An important consequence of this piracy that is often overlooked is the effect it has on computer users in China: everyone uses Windows! If, for example, those who could afford Windows paid for the authentic version while others just went without, a huge portion of China’s population could not use computers or the internet. We can imagine a government-subsidized project or group of companies racing to fill this void: whoever can create an operating system that serves the millions of people in China who cannot avoid 2,000 yuan but CAN afford 200 yuan will make a fortune. Instead, the piracy of Windows has discouraged companies in China from developing their own operating system. Piracy, while taking revenue and sales from Microsoft, has also extended the regime of Windows over another part of the computer world. How can estimates of losses to Microsoft be calculated when something that “steals” from them, also “helps” them?
The other example of piracy is that depicted in the NY Times article by Becker: movies, especially VCDs (video compact disks, prevalent in China) and DVDs. Again, the same argument can be made: the global dominance of Hollywood is enabled by its extension everywhere through piracy. Revenues, profits, and sales are clearly lost when a DVD is reproduced for pennies and then sold for dimes. Yet there is something more that is gained by the movie companies: a global audience. If companies are paying more for product placement in movies then isn’t that a worthwhile expenditure, and can’t movie companies charge more for this given the global reach of its movies?
I believe the lesson to be learned from these examples of piracy is that there are ways to combat piracy that do not involve the government. China is the most populous country in the world, and expecting the already sparse police force in cities to deal with piracy is unrealistic. Instead, U.S. business interests need to follow the example of Microsoft and Hollywood, not in depending on government or bringing cases to the WTO, but in finding ways to deploy piracy in one’s own interests. Microsoft Windows reign over the world of PCs has meant that official and legitimate business in China all use authentic (non-pirated) versions of Windows. That is real revenue for Microsoft. But the millions of pirated versions of Windows maintain Microsoft’s position and discourage other companies in China from developing new, replacement operating systems. Similarly, Hollywood companies need not fear piracy of DVDs as much if they can gain revenue from other companies (Coca-cola, Prada, Nokia, China Mobile) who pay to have their products placed in movies.

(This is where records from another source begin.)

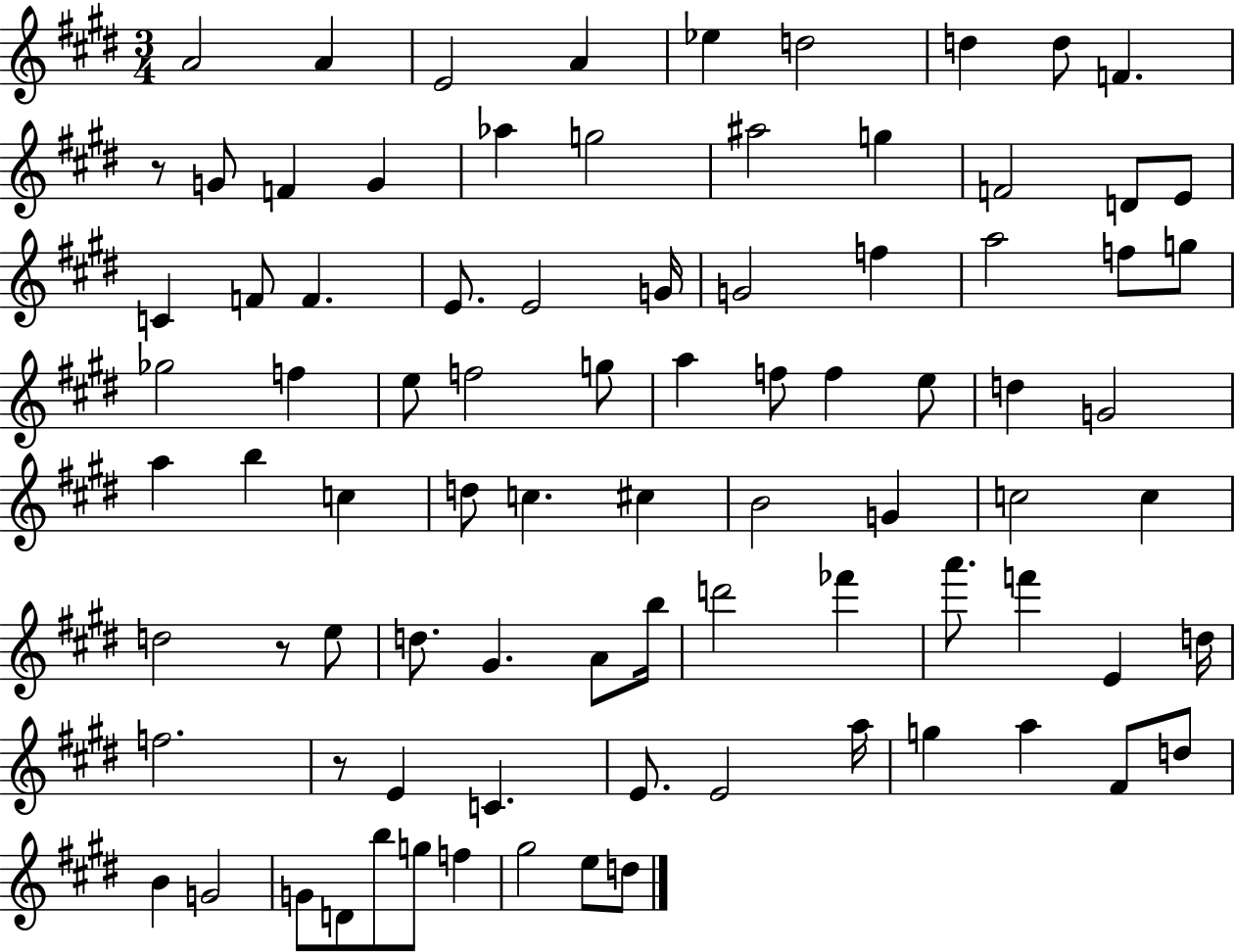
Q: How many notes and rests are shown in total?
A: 86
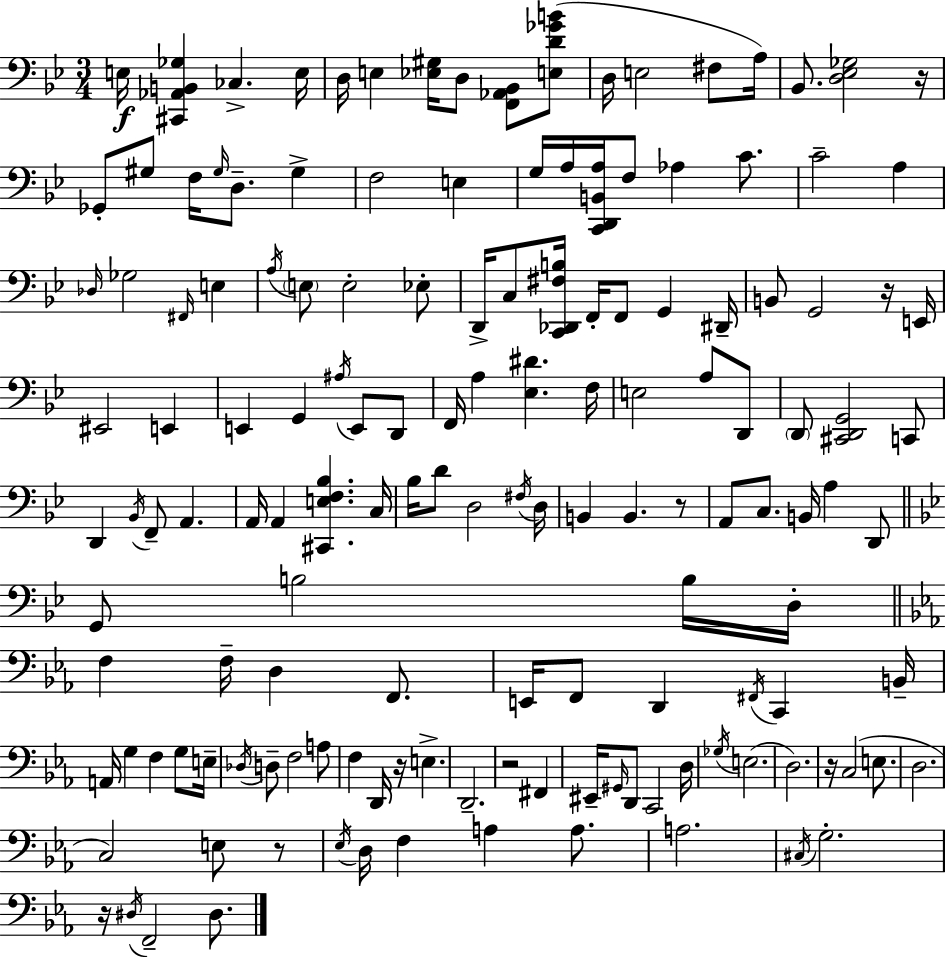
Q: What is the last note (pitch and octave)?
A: D#3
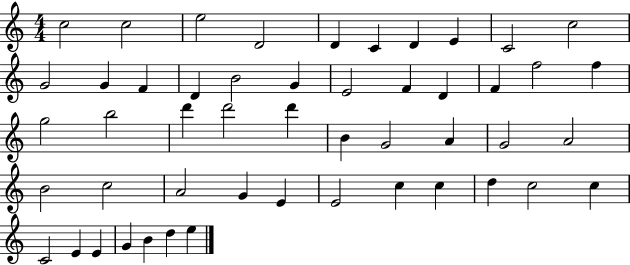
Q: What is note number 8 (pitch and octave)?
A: E4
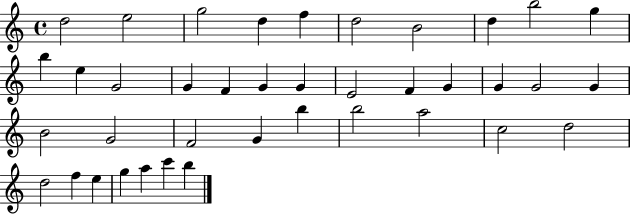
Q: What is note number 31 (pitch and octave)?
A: C5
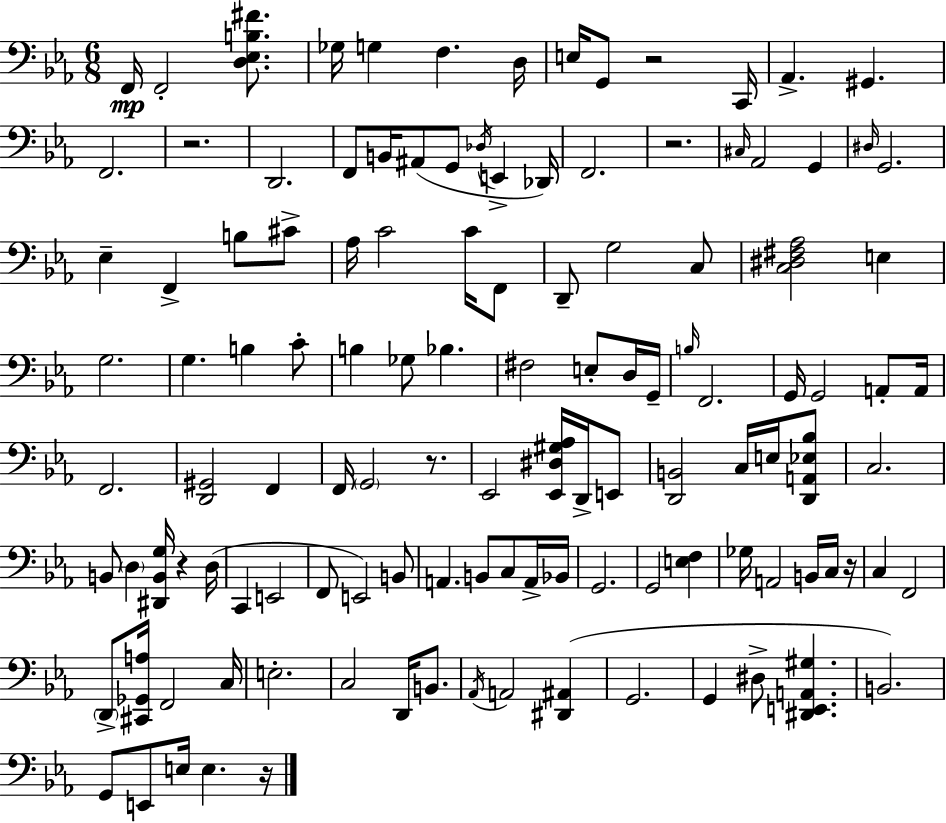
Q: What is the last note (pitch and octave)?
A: E3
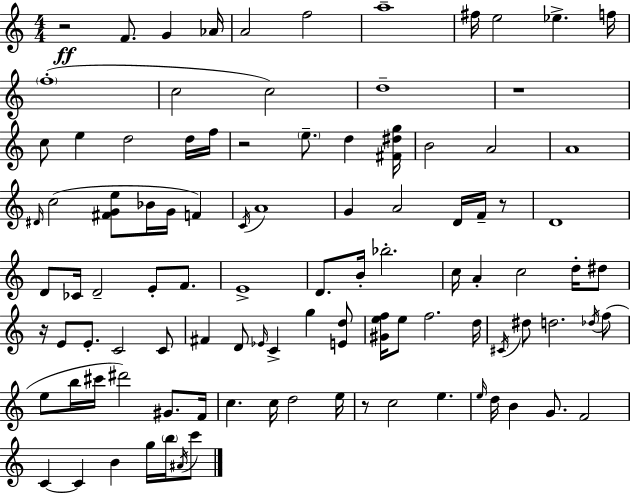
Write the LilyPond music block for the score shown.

{
  \clef treble
  \numericTimeSignature
  \time 4/4
  \key a \minor
  r2\ff f'8. g'4 aes'16 | a'2 f''2 | a''1-- | fis''16 e''2 ees''4.-> f''16 | \break \parenthesize f''1-.( | c''2 c''2) | d''1-- | r1 | \break c''8 e''4 d''2 d''16 f''16 | r2 \parenthesize e''8.-- d''4 <fis' dis'' g''>16 | b'2 a'2 | a'1 | \break \grace { dis'16 }( c''2 <fis' g' e''>8 bes'16 g'16 f'4) | \acciaccatura { c'16 } a'1 | g'4 a'2 d'16 f'16-- | r8 d'1 | \break d'8 ces'16 d'2-- e'8-. f'8. | e'1-> | d'8. b'16-. bes''2.-. | c''16 a'4-. c''2 d''16-. | \break dis''8 r16 e'8 e'8.-. c'2 | c'8 fis'4 d'8 \grace { ees'16 } c'4-> g''4 | <e' d''>8 <gis' e'' f''>16 e''8 f''2. | d''16 \acciaccatura { cis'16 } dis''8 d''2. | \break \acciaccatura { des''16 }( f''8 e''8 b''16 cis'''16 dis'''2) | gis'8. f'16 c''4. c''16 d''2 | e''16 r8 c''2 e''4. | \grace { e''16 } d''16 b'4 g'8. f'2 | \break c'4~~ c'4 b'4 | g''16 \parenthesize b''16 \acciaccatura { ais'16 } c'''8 \bar "|."
}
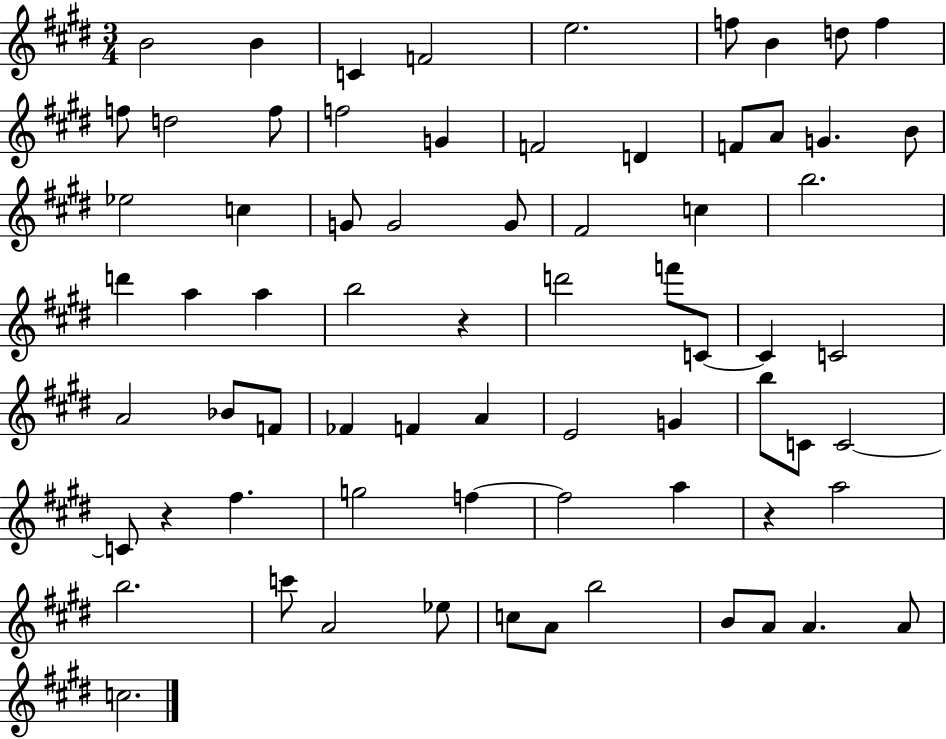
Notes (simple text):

B4/h B4/q C4/q F4/h E5/h. F5/e B4/q D5/e F5/q F5/e D5/h F5/e F5/h G4/q F4/h D4/q F4/e A4/e G4/q. B4/e Eb5/h C5/q G4/e G4/h G4/e F#4/h C5/q B5/h. D6/q A5/q A5/q B5/h R/q D6/h F6/e C4/e C4/q C4/h A4/h Bb4/e F4/e FES4/q F4/q A4/q E4/h G4/q B5/e C4/e C4/h C4/e R/q F#5/q. G5/h F5/q F5/h A5/q R/q A5/h B5/h. C6/e A4/h Eb5/e C5/e A4/e B5/h B4/e A4/e A4/q. A4/e C5/h.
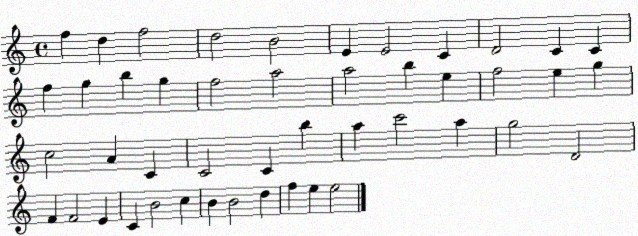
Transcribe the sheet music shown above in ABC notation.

X:1
T:Untitled
M:4/4
L:1/4
K:C
f d f2 d2 B2 E E2 C D2 C C f g b g f2 a2 a2 b e f2 e g c2 A C C2 C b a c'2 a g2 D2 F F2 E C B2 c B B2 d f e e2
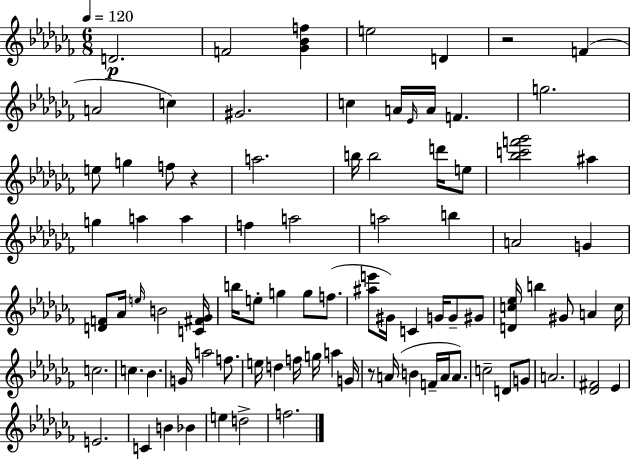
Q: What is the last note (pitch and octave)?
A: F5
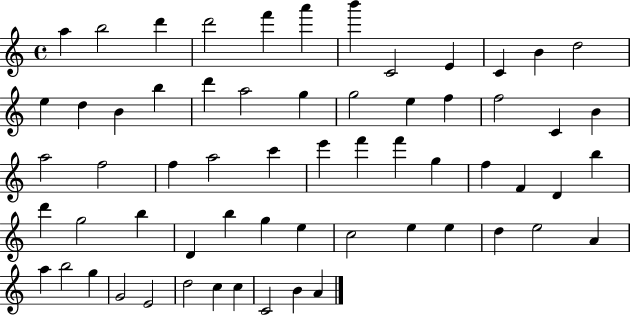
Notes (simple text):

A5/q B5/h D6/q D6/h F6/q A6/q B6/q C4/h E4/q C4/q B4/q D5/h E5/q D5/q B4/q B5/q D6/q A5/h G5/q G5/h E5/q F5/q F5/h C4/q B4/q A5/h F5/h F5/q A5/h C6/q E6/q F6/q F6/q G5/q F5/q F4/q D4/q B5/q D6/q G5/h B5/q D4/q B5/q G5/q E5/q C5/h E5/q E5/q D5/q E5/h A4/q A5/q B5/h G5/q G4/h E4/h D5/h C5/q C5/q C4/h B4/q A4/q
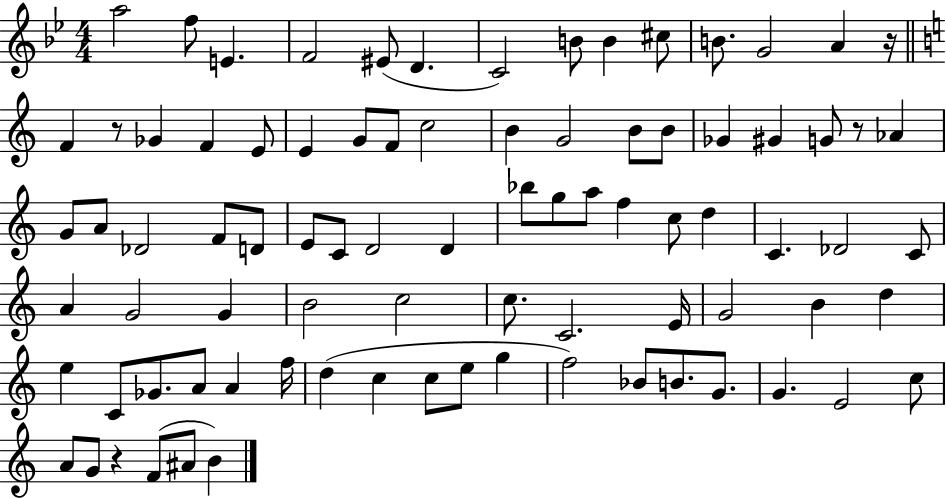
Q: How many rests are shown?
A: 4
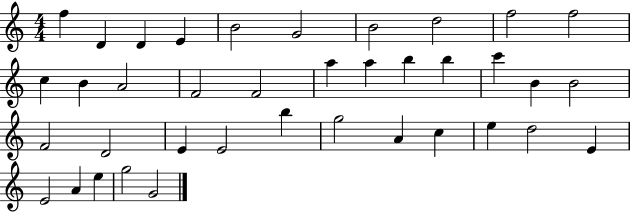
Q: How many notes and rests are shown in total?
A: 38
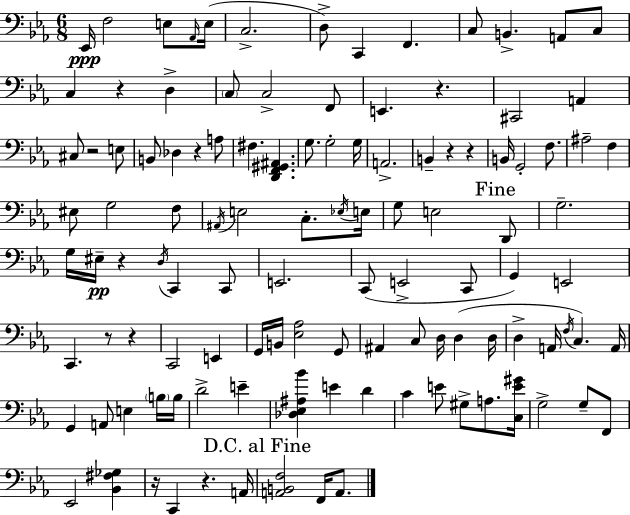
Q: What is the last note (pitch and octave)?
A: A2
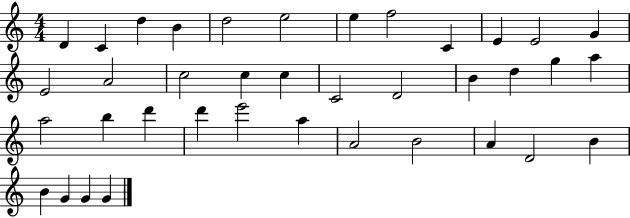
X:1
T:Untitled
M:4/4
L:1/4
K:C
D C d B d2 e2 e f2 C E E2 G E2 A2 c2 c c C2 D2 B d g a a2 b d' d' e'2 a A2 B2 A D2 B B G G G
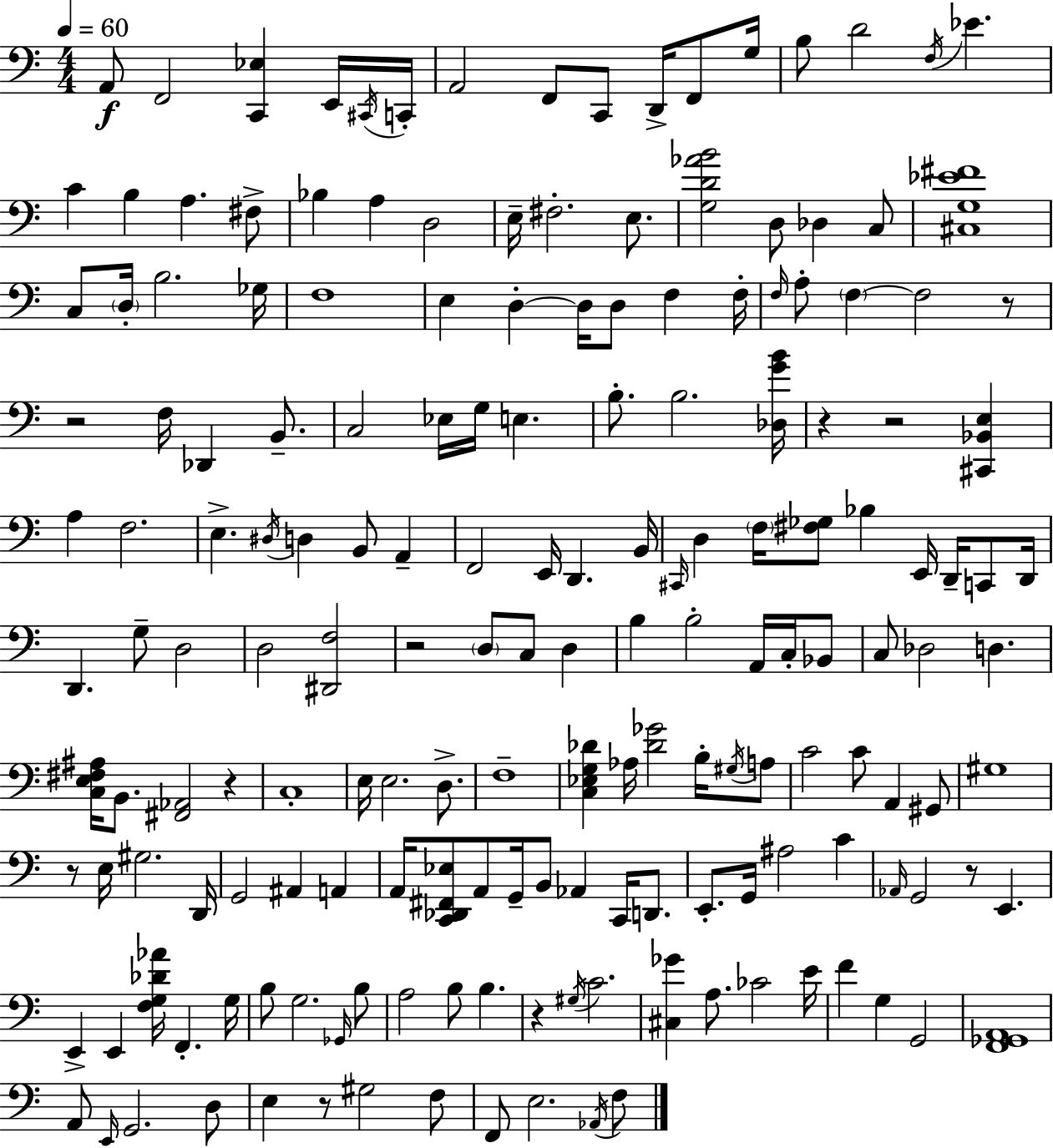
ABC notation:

These two articles from the NY Times have provided much food for thought. Both are related more to international trade with China than to Zhongguancun. I hope this discussion will reveal some aspects that might not otherwise be obvious. I advocate a more open, free-trade position with China, in line with the current administration of U.S. Protectionist moves, like those being considered in Congress, are not helpful to either the U.S. economy or to U.S. businesses, against what might be popularly thought.